Every now and then an article about stem cell research appears in the media, often followed by a flurry of debate. And little wonder. Stem cells are truly amazing. They are a unique type of cell which can divide and self-renew indefinitely to regenerate an organ or even grow an entirely new one. Not surprisingly they are of great interest to the medical community for the promise they may have in treating conditions such as heart failure, spinal injuries, diabetes, leukaemia and Parkinson disease. However the fierce opposition to stem cell research and use focuses on how they are derived.

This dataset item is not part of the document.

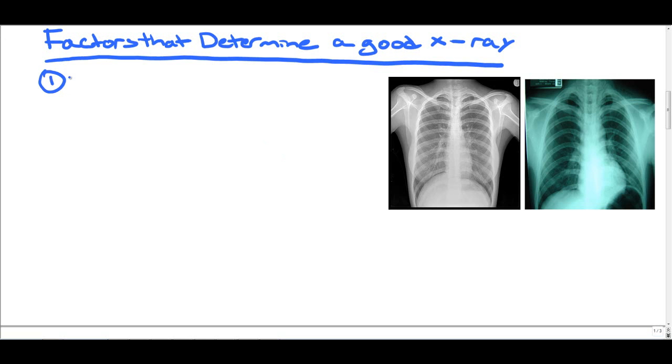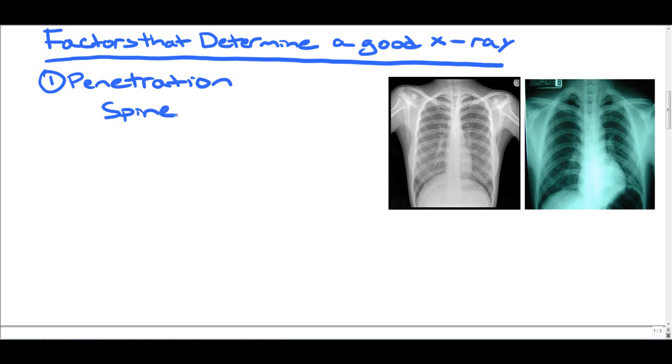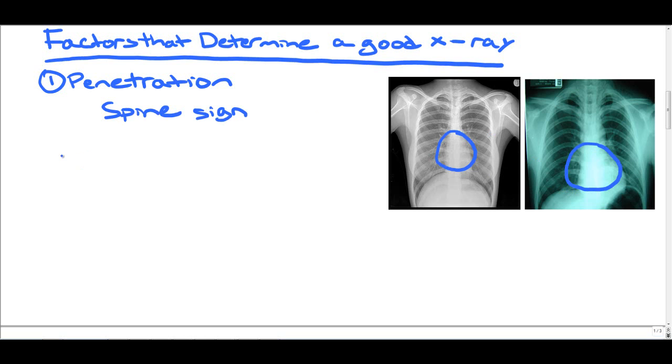One is penetration. Penetration is how overexposed or underexposed an x-ray is. It's very important because if an x-ray is underexposed or overexposed, it can lead you to errors in your diagnosis. The way to determine penetration is to look at the spine sign. Can you see the spine through the cardiac silhouette? In the first x-ray you can. In the second x-ray, it's very difficult to see, and I actually think that second x-ray is a little underpenetrated.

Dormant stems cells can be found within the adult human body, including in the brain, bone marrow, blood, blood vessels, skeletal muscles, skin and the liver. Adult stem cells are impressive in their ability to respond to disease or injury. However it is generally accepted that adult stem cells are limited in their ability to regenerate based on their origin. Simply put, stem cells from one region of the body can mostly only be used to treat that region. As such, while certainly useful in medical treatment they do not have that regenerative power of their predecessors – embryonic stem cells.
Embryonic stems cells are special. Keeping in mind that a 6 day old embryo (a blastocyst) is comprised of only around 70 to 100 cells, it is astonishing to think that every structure and organ of a human body will be created from them. This is the power of embryonic stem cell. However while the use of embryonic stem cells hold great promise medically speaking, this use carries an immense weight of ethical debate.
Is it wrong to use human embryos in medical research and their stem cells in medical treatment? Many would resoundingly say yes! However a starting new discovery may allow the advancement of stem cell research without these ethical concerns, and also brings to light yet another amazing property of breast milk.
In 2007 researchers made the starting discovery of stem-like cells in female human breasts. These particular stem cells appear to lie dormant, springing to life during pregnancy and subsequently breastfeeding. It is now believe that these cells play an integral role in the remodelling of breasts that occurs during pregnancy in preparation for breastfeeding.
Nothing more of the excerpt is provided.